Uther Madduc was exploring the Palga plateau before he was killed. Gerd, Glissam, and the Madducs' Uldra foreman Kurgech go into the Palga to discover what he found. After various encounters with the Wind-runners, they find the secret: an ancient temple built by Erjins, who are in fact fully sentient.

They return to Morningswake to learn that the Mull, the seat of government on the island continent of Szintarre, has ordered the land barons to give up their domains. The land barons defy this decree, and form their own Order of Uaia. The Uldra leader Jorjol, a childhood friend of the Madducs and the so-called Gray Prince, incites several hundred Retent Uldras to invade Morningswake.
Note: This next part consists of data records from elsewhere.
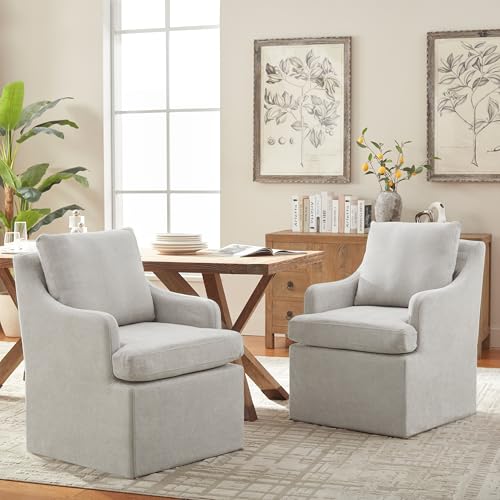 VKNOW Upholstered Dining Chairs Set of 2, Dining Room Chairs with Casters | Modern Rolling Dining Chairs with Armrest, Soft Chenille Fabric, Washable Cover, Easy Assembly, Living Room, Bedroom, Grey - color: Light Grey, size: 2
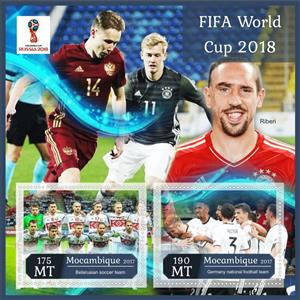 Mini Sheet, FIFA World Cup Football Soccer in 2018, Mozambique,  , Football (Soccer), Sports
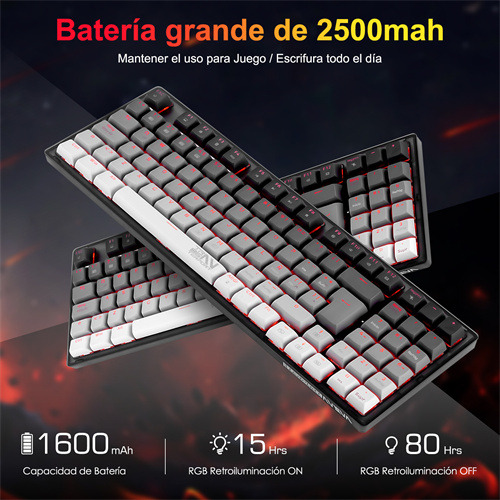 Terport 90% Teclado Mecánico Inalambrico En Español Tr95 Volcán, Bluetooth+usb+cable Removible, Outemu Red Switch Hotswap, 95 Teclas Antighosting, Luces Rgb, Juegos&oficina Win/mac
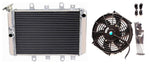 GPI Aluminum RADIATOR& Fan  For 2007-2014  ATV Quad Yamaha Grizzly 700 YFM700/550/500 YFM7F EPS 2007 2008 2009 2010 2011 2012 2013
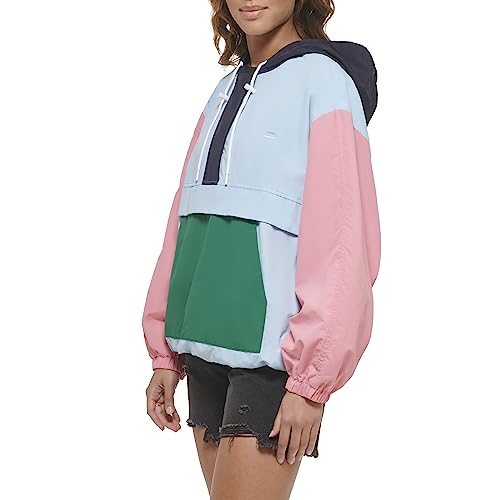 LW3ON725 LEVI'S WOMEN'S TASLAN POPOVER WINDBREAKER JACKET PINK/BLUE SIZE L - Brand New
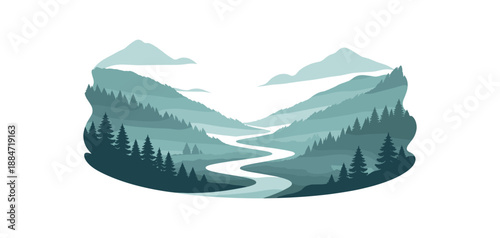 Flat vector illustration of misty valley silhouette with distant mountains and winding road isolated on pure white slightly style high quality no texture no grain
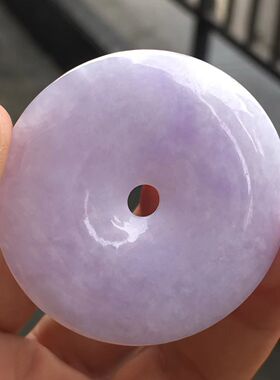 缅甸A货天然翡翠紫罗兰平安扣保真正品冰种吊坠男女款送礼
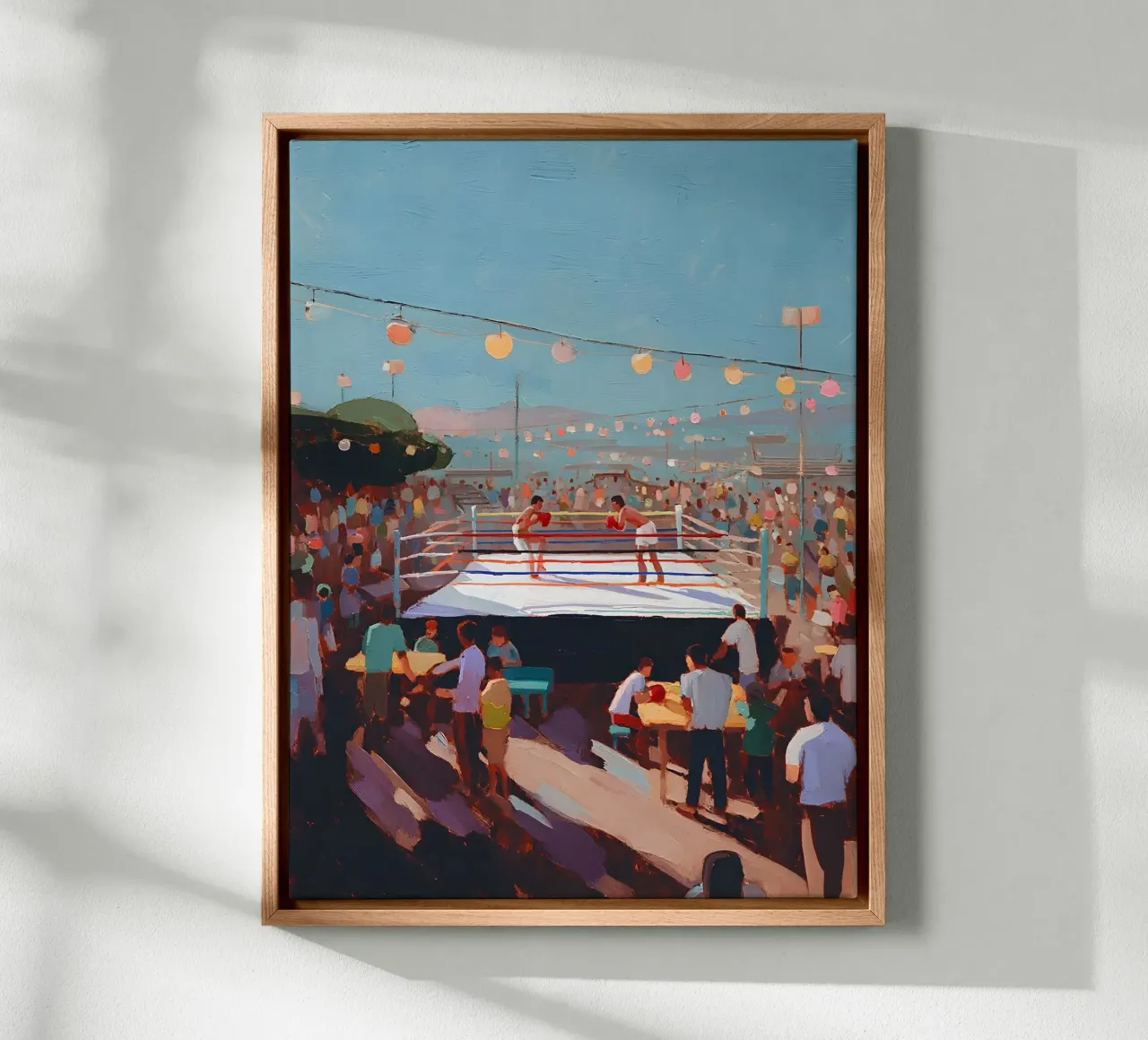 Boxing Party canvas with Floater frame by Gypsy Galleria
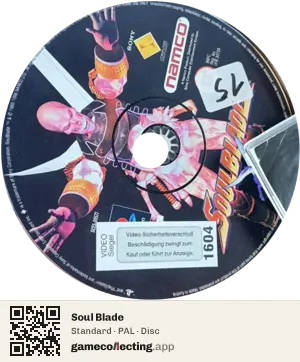 Soul Blade PlayStation, PAL disc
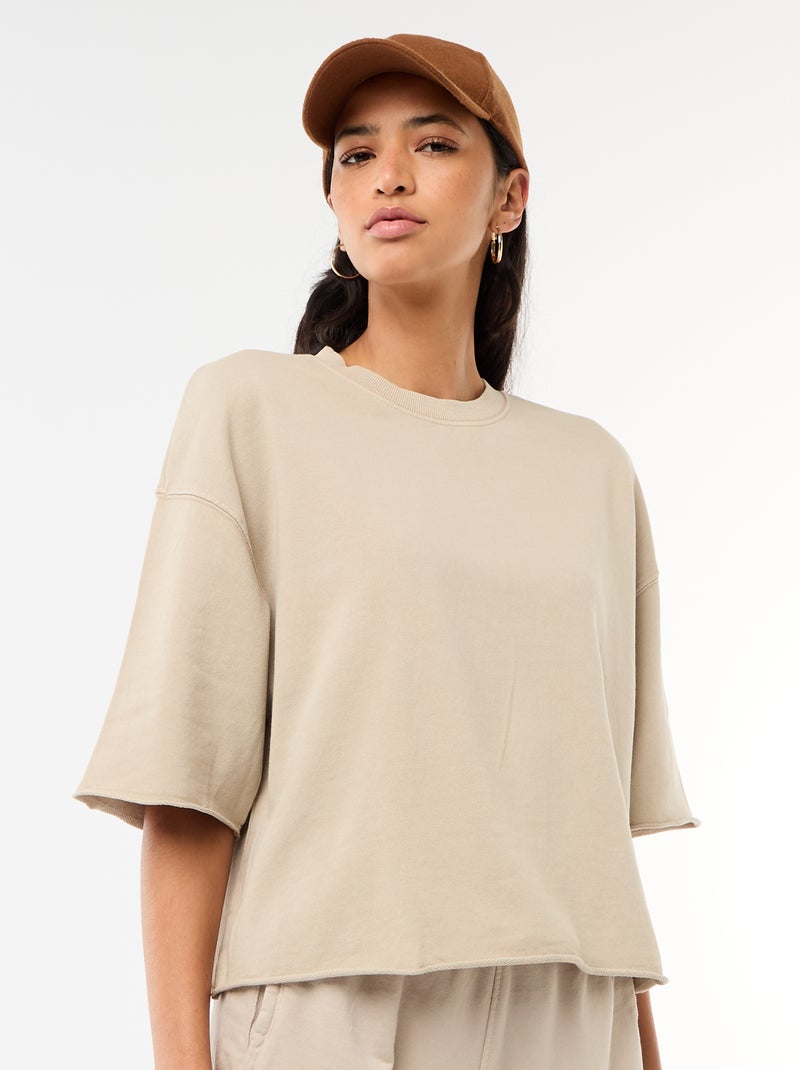 Camiseta manga 3/4 en felpa Beige - Kiabi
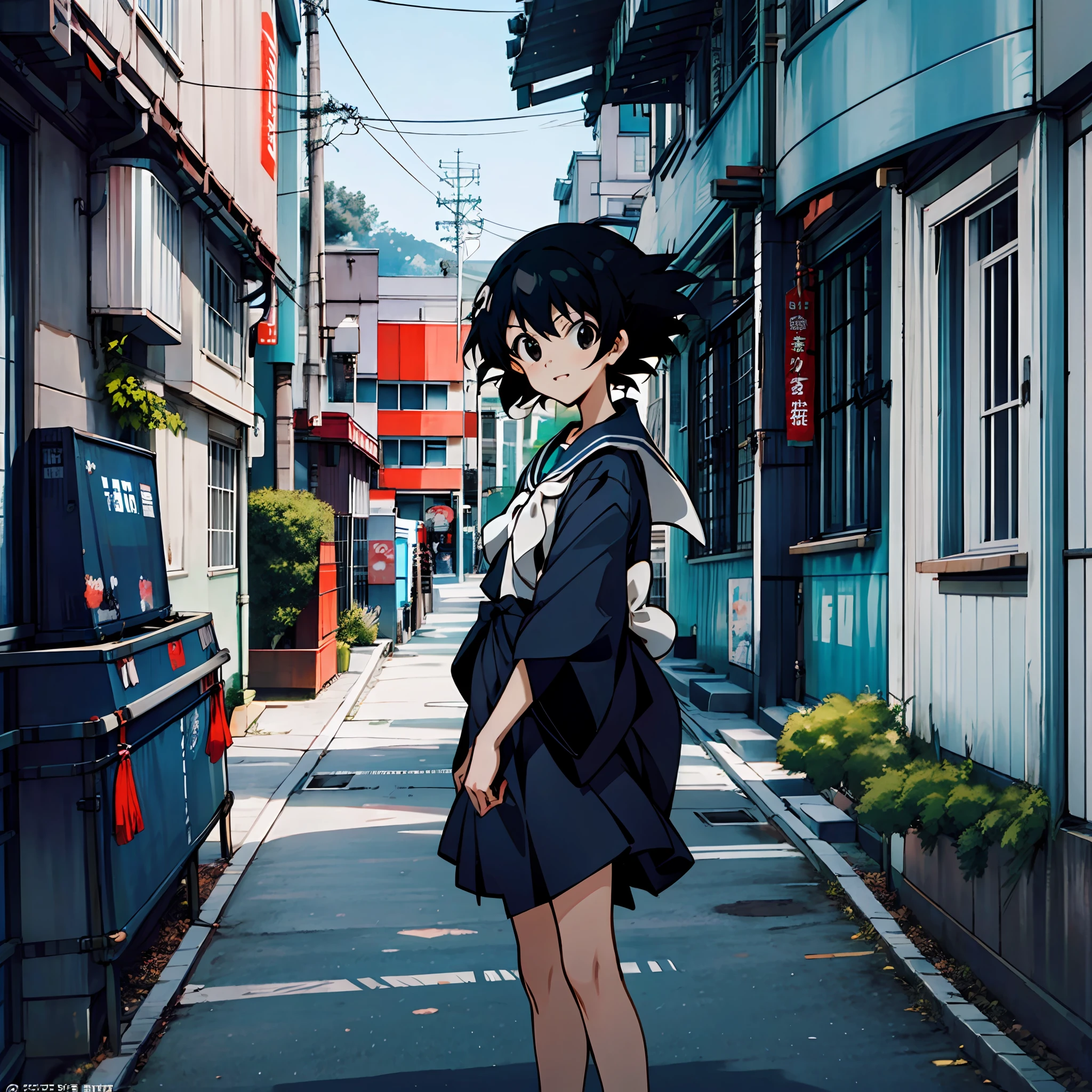 ultra HD picture quality，Black color hair，Black eyes，Black and white sailor suit，The image of a cute and cheerful Japanese high school girl，It has the style of Shinkai Makoto，Blend in with the small town feel in the pictures，Idyllic。Aesthetics heal sunny atmosphere。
This attack is defeated by the Order's militia.

A committee of the Mull arrives at Morningswake. Gerd escorts them to the Erjin temple, where he explains the first part of Uther Madduc's joke. The Mull has demanded that the land barons yield to the claim of the Uldras, who were there first. But the temple shows that the Erjins are sentient, which makes the Szintarrese slaveowners.

Near the temple is the depot from which tamed Erjins are shipped. There they discover that the Erjin mounts and servitors exported by the Wind-runners are actually warriors, who at that very same moment are uprising and destroying their supposed masters. Erjin "servitors" seize control of Szintarre from its effete inhabitants. Erjin "mounts" turn on their Retent Uldra riders, but the combative Uldras defeat them. The Order of Uaia's militia (including Submission Uldras) fly south and defeat the Erjins in Szintarre. Returning to Uaia, they defeat a second and larger Uldra attack incited by Jorjol.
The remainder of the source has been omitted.